Nearly half of the September 11, 2001, Islamic terrorist hijackers who flew planes into the World Trade Center and the Pentagon were able to remain in the United States, undetected, despite having overstayed their visas.
For 13 of the 19 terrorists, driver’s licenses were obtained after they arrived in the U.S. from Saudi Arabia, Egypt, the United Arab Emirates, and Lebanon. For seven of the terrorists, they were supposed to have been deported from the U.S. at some point before they could carry out the 9/11 attacks, as they had overstayed their visas either a year before the attack or during the time of the attack.
Subsequently, none of the terrorists were deported.
One of the terrorists, Nawaf al-Hamzi, for example, was able to obtain driver’s licenses in three different states, including California, Florida, and Virginia. Nawaf al-Hamzi, along with his terrorist brother, Salem al-Hamzi — who obtained a Virginia driver’s license — arrived in the U.S. on tourist visas in 1999 from Saudi Arabia.
Nawaf al-Hamzi arrived back in the U.S. in 2001 and lived in New York for just a couple months before hijacking American Airlines Flight 77 and flying the plane into the Pentagon. A month before the 9/11 attacks, Nawaf al-Hamzi was placed on a terrorist watch list.
Nawaf al-Hamzi should have been deported nine months before the attack, as he had overstayed his visa.

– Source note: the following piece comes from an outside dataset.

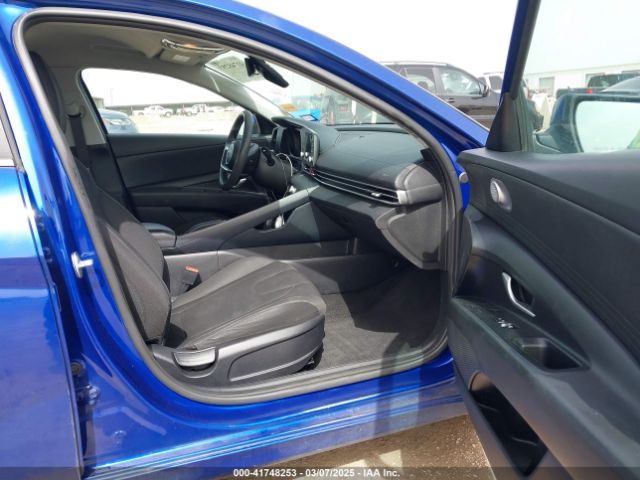 5NPLM4AG1NH058908 Hyundai ELANTRA SEL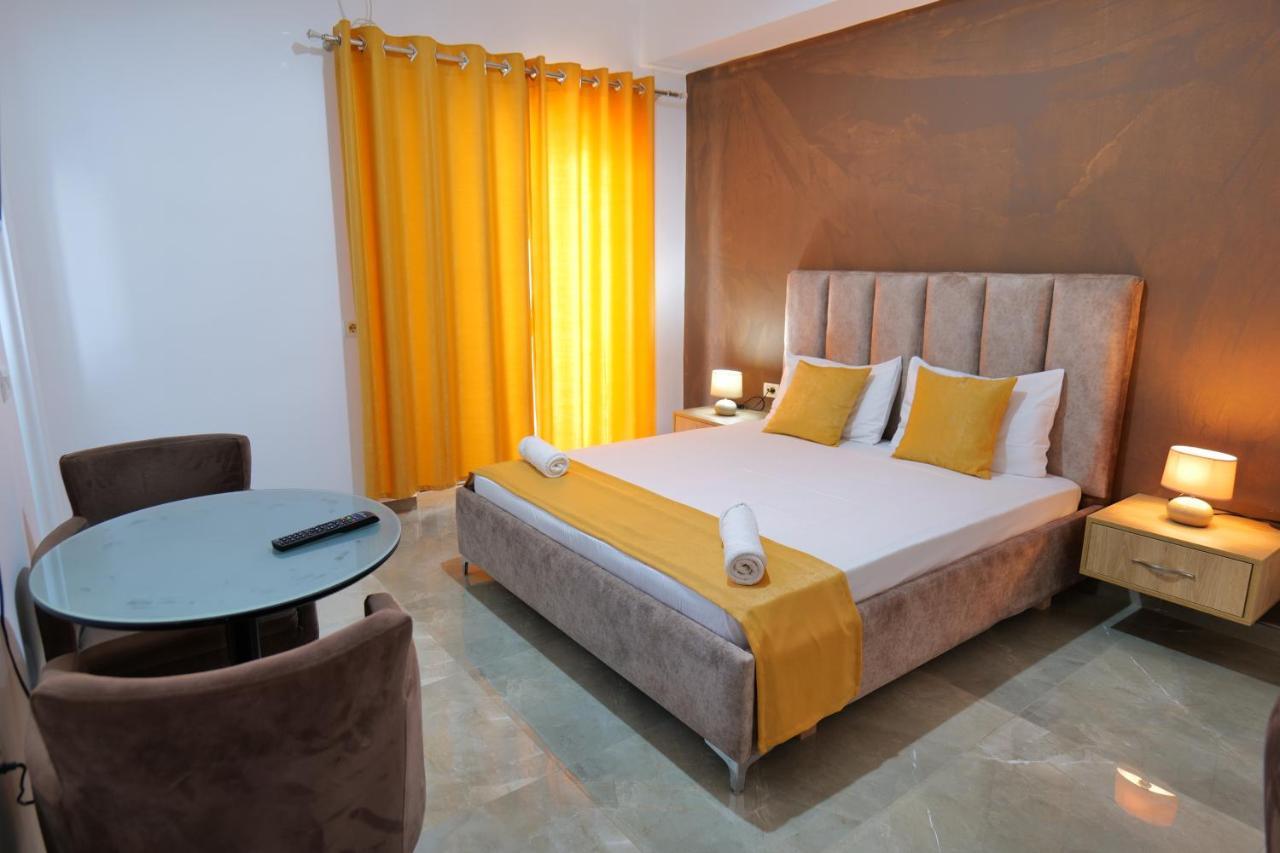 Hotel Adi-Vera Sarandë 외부 사진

Mohamed Atta — who hijacked American Airlines Flight 11 and flew the plane into the World Trade Center’s North Tower — had overstayed his visa as of December 2000, but was not deported at the time. Atta was able to obtain a Florida driver’s license despite being arrested months before for driving without a license.
Atta’s name appeared on a terrorist watch list in January 2001 and he was detained in the United Arab Emirates before returning to the U.S. to carry out the 9/11 attacks.
Hani Hasan Hanjour, the terrorist pilot of American Airlines Flight 77 that was flown into the Pentagon, was considered an illegal alien at the time of the 9/11 attacks, as he did not enroll in school despite obtaining a student visa in September of 2000.
Satam al-Suqami and Waleed al-Shehri, likewise, had overstayed their visas in the U.S. before aiding in the Flight 11 hijacking and Twin Towers terrorist attack.
Marwan al-Shehhi — the terrorist responsible for flying United Airlines Flight 175 into the World Trade Center’s South Tower — took at least three trips out of the U.S. and back to the country despite having overstayed his visa as of November 2000. Al-Shehhi was also able to obtain a Florida driver’s license.
Ahmed al-Ghamdi, one of the Flight 175 hijackers, was in the U.S. illegally, as he had overstayed his visa but was never deported, allowing him to hijack the flight and aid in flying the plane into the South Tower in Manhattan.
In Fiscal Year 2017, nearly 630,000 foreign nationals overstayed their visas, as Breitbart News reported. As of October 2017, a total of about 607,000 of those foreign nationals were still in the U.S.